The format is based on [Keep a Changelog](https://keepachangelog.com/en/1.0.0/).
## [11.10.0] UNRELEASED
### Changed
- Updated Terraform minimum version to 1.2.1 from 1.1.0
## [11.9.3] 2022-05-09
### Changed
- [puppet] Bumped puppet-jupyterhub to v4.3.1 to enable code-server and openrefine launchers in JupyterLab.
## [11.9.2] 2022-05-04
### Changed
- Set AWS Terraform provider version to v4.10.0 (issue #212)
## [11.9.1] 2022-05-02
### Changed
- Replaced direct call to keystone.py and key2fp.py by shell wrapped script call.
This fixes an issue with Terraform Cloud or system that do not provide `python3`.

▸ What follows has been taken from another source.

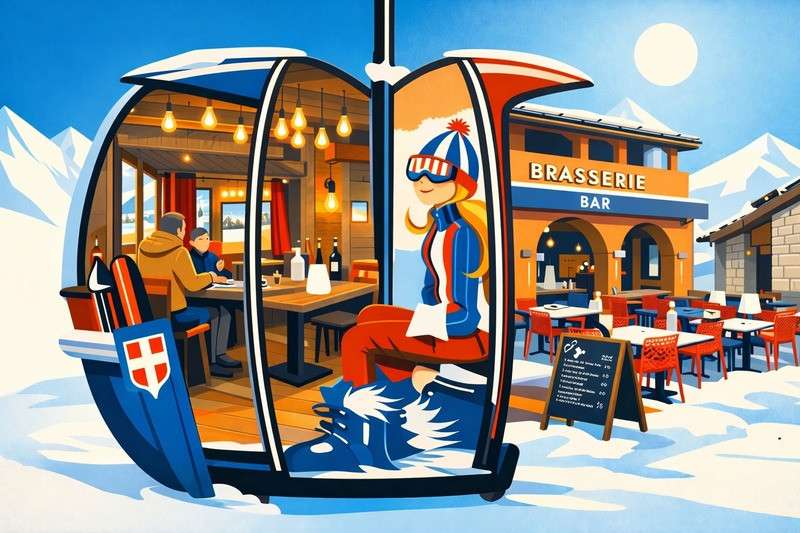 Bar à vendre en centre station prox Moutiers (73)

The wrapper script test the existence for different name for python cli and choose
start the script with the first one available.
- Made key2fp.py compatible with Python 2 to ensure compatibility with TF Cloud.
## [11.9.0] 2022-04-22
### Added
- Added support for OS_CLIENT_CONFIG_FILE in keystone.py
- Added support for ed25519 hostkeys and SSH keys (issue #210)
- Add acme_key_pem optional variable to DNS modules (issue #205)
- [puppet] sssd can now be configured with additional LDAP domains (issue [#179](https://github.com/ComputeCanada/puppet-magic_castle/issues/179))
- [puppet] Added class to support cephfs mount
### Changed
- Replaced python by python3 in external data source (issue #208)
- [puppet] SELinux mode is now configurable through hieradata.
- [puppet] SELinux default mode is now `permissive` instead of `enforcing`.
- [puppet] Moved munge_socket selinux::module in slurm::base (issue [#178](https://github.com/ComputeCanada/puppet-magic_castle/issues/178))
- [puppet] Set MemSpecLimit in slurm.conf and allow configuration using hieradata (issue [#181](https://github.com/ComputeCanada/puppet-magic_castle/issues/181))
- [puppet] Hardened SSHD config for CentOS 8 (issue [#182](https://github.com/ComputeCanada/puppet-magic_castle/issues/182))
- [puppet] Fixed issue with cat of file inside interactive Slurm jobs (issue [#183](https://github.com/ComputeCanada/puppet-magic_castle/issues/183))
- [puppet] NFS devices can now be an empty string (issue [#185](https://github.com/ComputeCanada/puppet-magic_castle/issues/185))
- [puppet] Fixed notebook and terminals link in slurmformspawner hieradata (issue [#189](https://github.com/ComputeCanada/puppet-magic_castle/issues/189))
- [puppet] Replaced workshop class by an account parameter that adds folders to /etc/skel based on archives fetched from URL provided in hieradata of profile::account (issue [#191](https://github.com/ComputeCanada/puppet-magic_castle/issues/191))
- [puppet] Replaced Apache reverse proxy by Caddy (issue [#195](https://github.com/ComputeCanada/puppet-magic_castle/issues/195))
- [puppet] Dropped support for Globus v4 and replaced most of profile::globus code by `treydock/globus` module to add support for Globus v5.4.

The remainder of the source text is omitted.